Fig. 2: The complete 12-gene avenacin biosynthetic cluster and full pathway reconstitution by transient expression in Nicotiana benthamiana.

a The region of the A. strigosa genome encompassing the avenacin biosynthetic gene cluster. The genes shown in colour are the nine previously characterised avenacin pathway genes^{4,5,6,7,8,9,10,20,21} along with two previously uncharacterised CYP genes (asterisked), shown in this work to catalyse the two missing pathway steps (see Supplementary Table 7 for more information about all genes in this region). UGT74H7, which encodes a previously characterised sugar transferase related to UGT74H5 but with low activity towards avenacin acyl precursors¹⁰, is also indicated. b The complete pathway for the biosynthesis of avenacin A-1, including the newly validated steps catalysed by CYP94D65 and CYP72A476 (asterisked) (Supplementary Figs. 9 and 10; Supplementary Table 8). c Reconstitution of the avenacin pathway in N. benthamiana by transient expression. Full pathway: co-expression of GoldenGate constructs EC80344 (bAS1/Sad1 + CYP51H10/Sad2 + CYP72A475/Sad6 + CYP94D65 + CYP72A476), EC80345 (AAT1 + UGT91G16 + TG1 + P19), EC80379 (MT1/Sad9 + UGT74H5/Sad10 + SCPL1/Sad7). No acyl group control: co-expression of EC80344 and EC80345 only. Leaves were harvested 5 days after agro-infiltration, freeze-dried, and extracts analysed by high-performance liquid chromatography.
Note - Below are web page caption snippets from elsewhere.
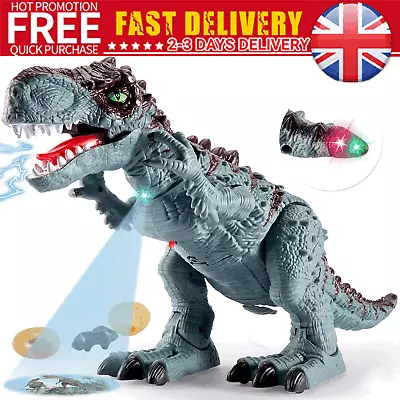 Dinosaur Toy Walking Dinosaur Roaring Dinosaur With Lights And Sound T-Rex Dino • £13.90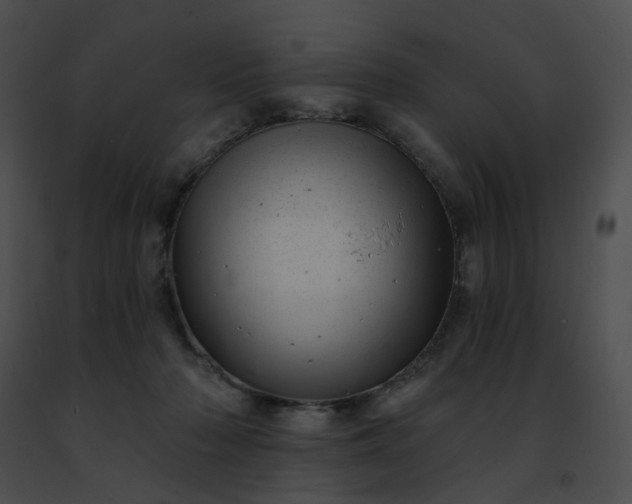 X0000091470318200708301858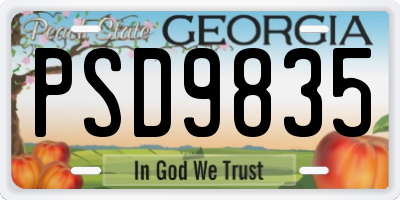 GA license plate PSD9835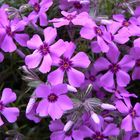 polsterphlox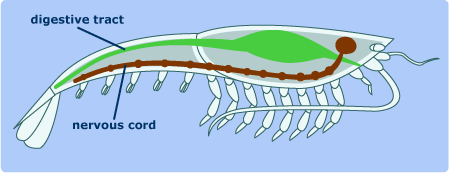 an arthropod's nervous and digestive systems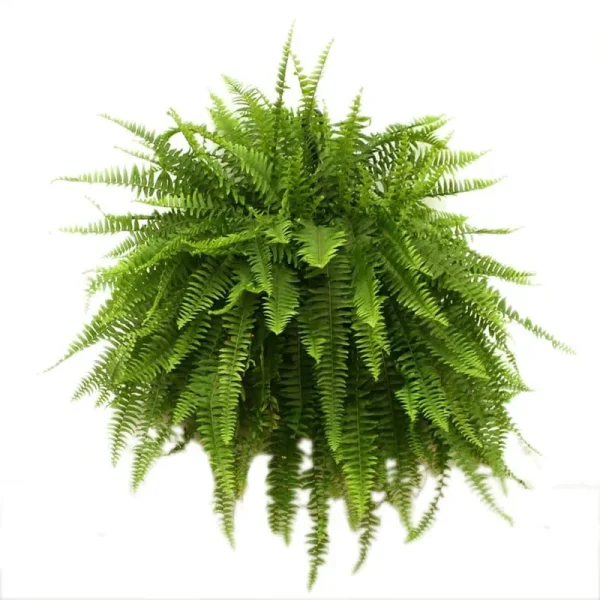 Costa Farms Boston Fern House Plant in 10-in Pot | L-BOS-G-POT-01-LW
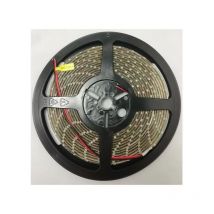 Ldsbps Pure white led strip 5m 12V 5W/m 200Lm/m - Lucibel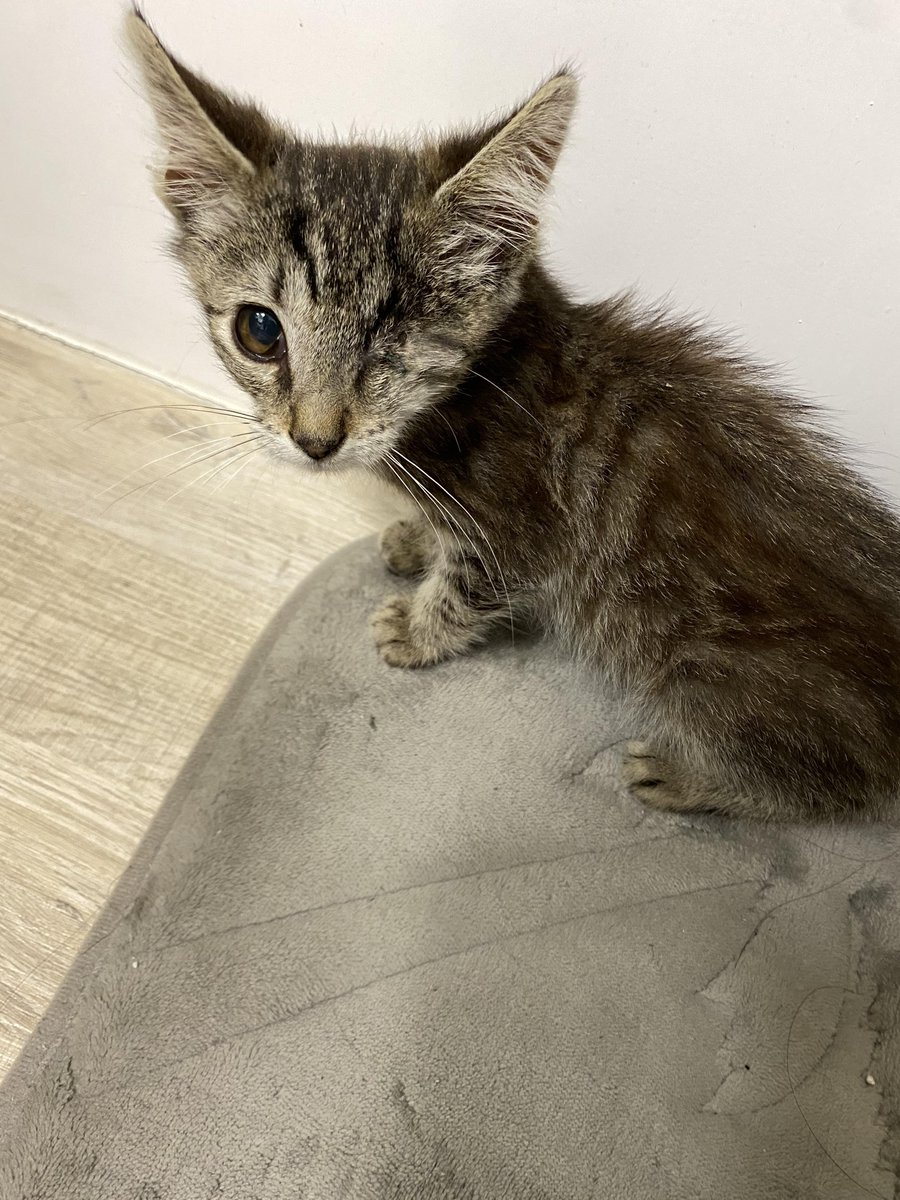 Adopted my first cat today: meet Mike wazowski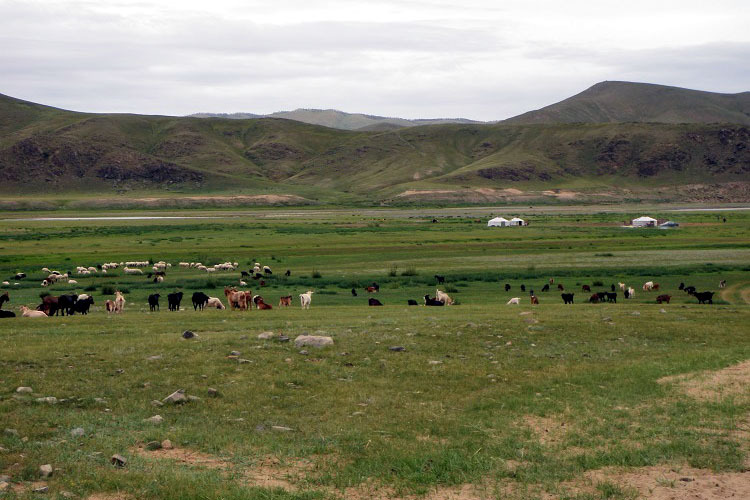 Noch heute leben viele Mongolen in Jurten und ziehen mit ihren Herden zu entlegenen Weideplätzen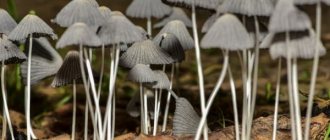 Description of saprotrophic fungi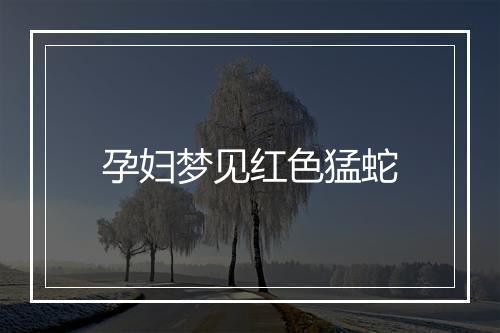 孕妇梦见红色猛蛇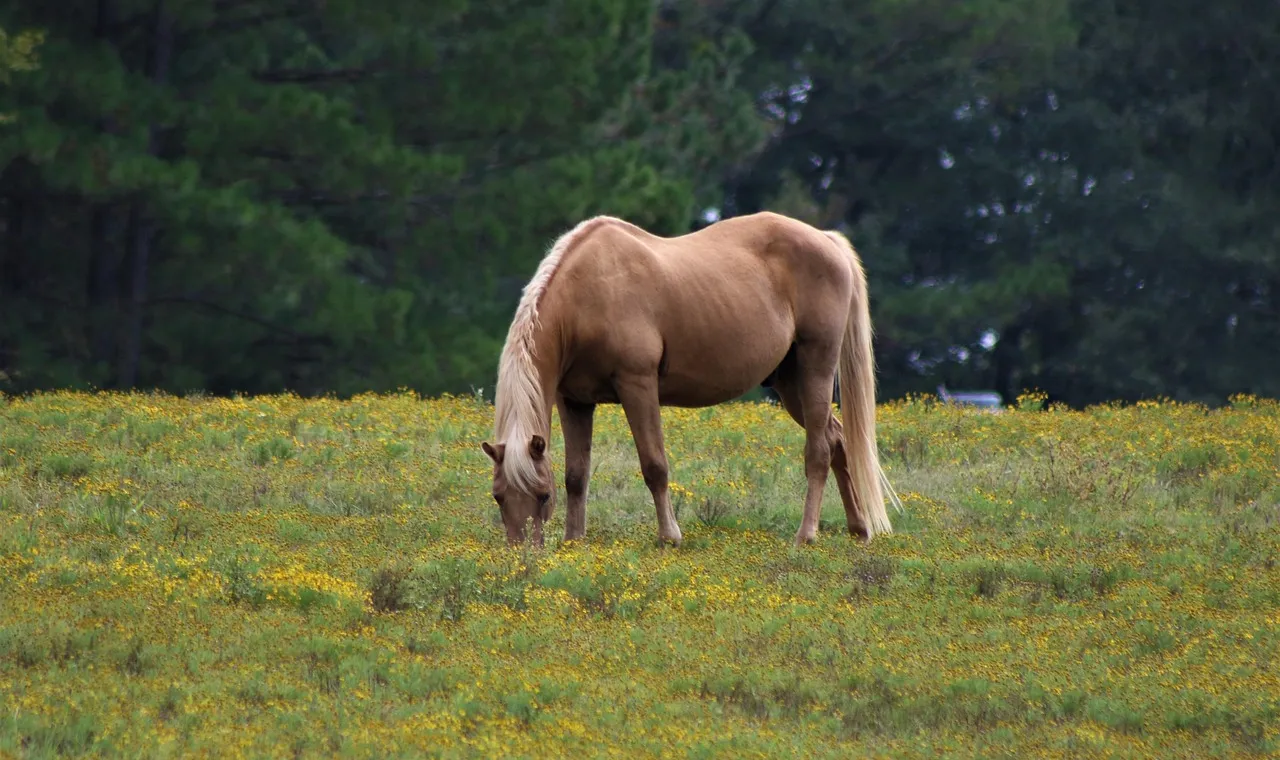 A golden palomino with a pale mane and tail grazing in a meadow of small yellow flowers, dark pines behind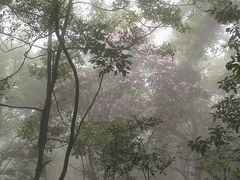 -梧桐山风景名胜区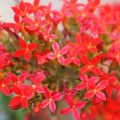 Kalanchoe Blüten Nahaufnahme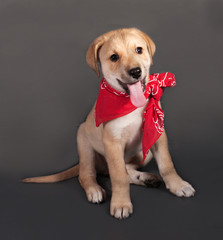 Little yellow puppy in red bandana sitting on gray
Avenacin A-1 has strong autofluorescence under ultra-violet illumination. A peak with the same retention time as the avenacin A-1 standard was detected in extracts from leaves co-expressing all of the pathway genes but not in extracts from no acyl group control leaves. Mass spectra in both positive and negative modes confirmed that this peak had the same mass as avenacin A-1 (Supplementary Fig 11). Source data underlying Fig. 2a are provided as a Source Data file.